For the material below, return exactly the lines starting at the one holding "KoAzo 87 - Velvet" and ending at the one holding "Framed 50 State Quaters set", counting both as part of the range.

*-*-*

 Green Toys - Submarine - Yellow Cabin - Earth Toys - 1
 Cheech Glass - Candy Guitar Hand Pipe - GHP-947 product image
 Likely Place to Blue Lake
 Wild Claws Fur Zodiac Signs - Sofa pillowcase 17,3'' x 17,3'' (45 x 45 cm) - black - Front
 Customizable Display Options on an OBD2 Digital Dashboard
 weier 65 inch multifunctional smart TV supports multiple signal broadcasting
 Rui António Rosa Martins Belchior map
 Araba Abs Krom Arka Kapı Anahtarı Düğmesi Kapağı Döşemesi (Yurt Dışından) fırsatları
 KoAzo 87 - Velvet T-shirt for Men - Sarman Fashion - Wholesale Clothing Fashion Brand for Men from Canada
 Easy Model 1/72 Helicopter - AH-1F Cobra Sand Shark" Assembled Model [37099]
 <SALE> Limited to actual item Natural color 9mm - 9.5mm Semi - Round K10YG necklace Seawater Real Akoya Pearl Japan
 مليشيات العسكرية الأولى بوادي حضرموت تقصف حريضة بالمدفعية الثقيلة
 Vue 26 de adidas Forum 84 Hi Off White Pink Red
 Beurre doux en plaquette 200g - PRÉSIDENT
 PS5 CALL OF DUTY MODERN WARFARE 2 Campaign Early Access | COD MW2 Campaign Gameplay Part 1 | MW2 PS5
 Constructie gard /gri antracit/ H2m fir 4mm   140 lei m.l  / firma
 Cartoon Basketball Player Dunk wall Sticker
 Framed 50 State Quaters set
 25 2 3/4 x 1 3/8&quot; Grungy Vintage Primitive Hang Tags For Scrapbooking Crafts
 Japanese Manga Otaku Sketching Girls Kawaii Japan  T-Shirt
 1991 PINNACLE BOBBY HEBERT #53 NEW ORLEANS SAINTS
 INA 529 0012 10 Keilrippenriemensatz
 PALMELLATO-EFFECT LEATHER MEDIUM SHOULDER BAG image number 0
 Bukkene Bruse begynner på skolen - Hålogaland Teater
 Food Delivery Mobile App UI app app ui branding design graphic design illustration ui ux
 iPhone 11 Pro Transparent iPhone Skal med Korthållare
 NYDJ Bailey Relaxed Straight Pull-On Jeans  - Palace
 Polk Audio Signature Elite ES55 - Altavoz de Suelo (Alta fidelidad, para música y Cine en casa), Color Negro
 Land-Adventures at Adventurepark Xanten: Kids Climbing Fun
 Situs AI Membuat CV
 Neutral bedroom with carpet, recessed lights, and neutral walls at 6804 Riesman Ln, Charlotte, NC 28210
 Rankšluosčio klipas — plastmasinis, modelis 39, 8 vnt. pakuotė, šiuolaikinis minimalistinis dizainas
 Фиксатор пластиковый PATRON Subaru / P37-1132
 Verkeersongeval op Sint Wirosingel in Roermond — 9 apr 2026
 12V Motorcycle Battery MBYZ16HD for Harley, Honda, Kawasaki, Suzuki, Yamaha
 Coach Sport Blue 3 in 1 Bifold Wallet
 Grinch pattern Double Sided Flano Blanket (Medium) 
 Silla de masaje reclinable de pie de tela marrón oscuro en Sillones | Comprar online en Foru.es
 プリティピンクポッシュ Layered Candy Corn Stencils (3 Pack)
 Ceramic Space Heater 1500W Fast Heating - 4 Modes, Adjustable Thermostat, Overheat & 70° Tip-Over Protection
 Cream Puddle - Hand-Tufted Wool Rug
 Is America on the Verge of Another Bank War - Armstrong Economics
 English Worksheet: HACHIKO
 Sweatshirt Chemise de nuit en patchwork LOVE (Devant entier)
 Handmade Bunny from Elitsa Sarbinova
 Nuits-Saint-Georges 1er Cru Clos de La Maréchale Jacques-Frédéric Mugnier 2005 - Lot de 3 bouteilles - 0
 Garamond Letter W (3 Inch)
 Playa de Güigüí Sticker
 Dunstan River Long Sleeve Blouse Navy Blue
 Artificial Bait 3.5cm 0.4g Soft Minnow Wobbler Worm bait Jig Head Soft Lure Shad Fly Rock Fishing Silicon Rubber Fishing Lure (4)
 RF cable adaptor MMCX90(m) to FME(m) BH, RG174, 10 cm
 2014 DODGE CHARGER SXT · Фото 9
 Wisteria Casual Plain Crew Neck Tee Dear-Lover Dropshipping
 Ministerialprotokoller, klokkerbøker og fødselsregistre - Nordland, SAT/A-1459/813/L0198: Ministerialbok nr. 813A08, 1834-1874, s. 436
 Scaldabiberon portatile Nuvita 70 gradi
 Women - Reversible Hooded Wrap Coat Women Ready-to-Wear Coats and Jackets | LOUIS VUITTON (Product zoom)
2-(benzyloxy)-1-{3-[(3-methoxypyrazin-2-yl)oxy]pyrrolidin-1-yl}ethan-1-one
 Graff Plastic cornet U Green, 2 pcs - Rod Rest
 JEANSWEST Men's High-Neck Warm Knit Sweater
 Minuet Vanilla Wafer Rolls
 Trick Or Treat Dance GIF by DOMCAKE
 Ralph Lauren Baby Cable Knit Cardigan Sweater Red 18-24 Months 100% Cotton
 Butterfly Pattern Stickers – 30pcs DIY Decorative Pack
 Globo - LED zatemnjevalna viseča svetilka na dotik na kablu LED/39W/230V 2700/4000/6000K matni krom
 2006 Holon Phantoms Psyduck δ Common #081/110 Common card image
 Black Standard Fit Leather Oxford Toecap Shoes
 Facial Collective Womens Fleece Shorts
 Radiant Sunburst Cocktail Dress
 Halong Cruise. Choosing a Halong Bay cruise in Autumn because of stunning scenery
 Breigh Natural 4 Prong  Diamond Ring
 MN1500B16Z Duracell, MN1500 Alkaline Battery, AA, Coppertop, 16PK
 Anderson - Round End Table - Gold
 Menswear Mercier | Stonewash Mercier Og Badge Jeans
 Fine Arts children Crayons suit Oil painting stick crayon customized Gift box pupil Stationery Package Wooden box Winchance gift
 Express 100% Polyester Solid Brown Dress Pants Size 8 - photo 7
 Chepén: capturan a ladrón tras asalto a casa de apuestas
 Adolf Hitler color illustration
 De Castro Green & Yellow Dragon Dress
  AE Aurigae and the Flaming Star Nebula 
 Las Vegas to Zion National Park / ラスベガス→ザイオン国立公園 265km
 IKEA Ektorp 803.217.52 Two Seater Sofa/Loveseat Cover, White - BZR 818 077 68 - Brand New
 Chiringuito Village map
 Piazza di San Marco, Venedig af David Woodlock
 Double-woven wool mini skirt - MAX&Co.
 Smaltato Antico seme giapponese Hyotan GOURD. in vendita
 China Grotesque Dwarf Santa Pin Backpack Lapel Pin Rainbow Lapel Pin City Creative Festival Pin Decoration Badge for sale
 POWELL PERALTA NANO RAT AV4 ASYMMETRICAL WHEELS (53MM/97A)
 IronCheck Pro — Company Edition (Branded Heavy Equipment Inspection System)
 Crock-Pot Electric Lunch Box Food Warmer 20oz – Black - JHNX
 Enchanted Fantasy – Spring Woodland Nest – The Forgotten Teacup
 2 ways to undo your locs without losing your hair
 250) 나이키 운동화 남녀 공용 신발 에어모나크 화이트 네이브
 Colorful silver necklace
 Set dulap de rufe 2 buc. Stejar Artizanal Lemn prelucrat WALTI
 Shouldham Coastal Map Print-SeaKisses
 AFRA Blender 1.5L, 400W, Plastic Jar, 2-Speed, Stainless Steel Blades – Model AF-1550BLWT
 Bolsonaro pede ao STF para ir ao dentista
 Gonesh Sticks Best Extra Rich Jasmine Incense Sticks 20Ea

*-*-*

■ WRITTEN ANSWER ■
 KoAzo 87 - Velvet T-shirt for Men - Sarman Fashion - Wholesale Clothing Fashion Brand for Men from Canada
 Easy Model 1/72 Helicopter - AH-1F Cobra Sand Shark" Assembled Model [37099]
 <SALE> Limited to actual item Natural color 9mm - 9.5mm Semi - Round K10YG necklace Seawater Real Akoya Pearl Japan
 مليشيات العسكرية الأولى بوادي حضرموت تقصف حريضة بالمدفعية الثقيلة
 Vue 26 de adidas Forum 84 Hi Off White Pink Red
 Beurre doux en plaquette 200g - PRÉSIDENT
 PS5 CALL OF DUTY MODERN WARFARE 2 Campaign Early Access | COD MW2 Campaign Gameplay Part 1 | MW2 PS5
 Constructie gard /gri antracit/ H2m fir 4mm   140 lei m.l  / firma
 Cartoon Basketball Player Dunk wall Sticker
 Framed 50 State Quaters set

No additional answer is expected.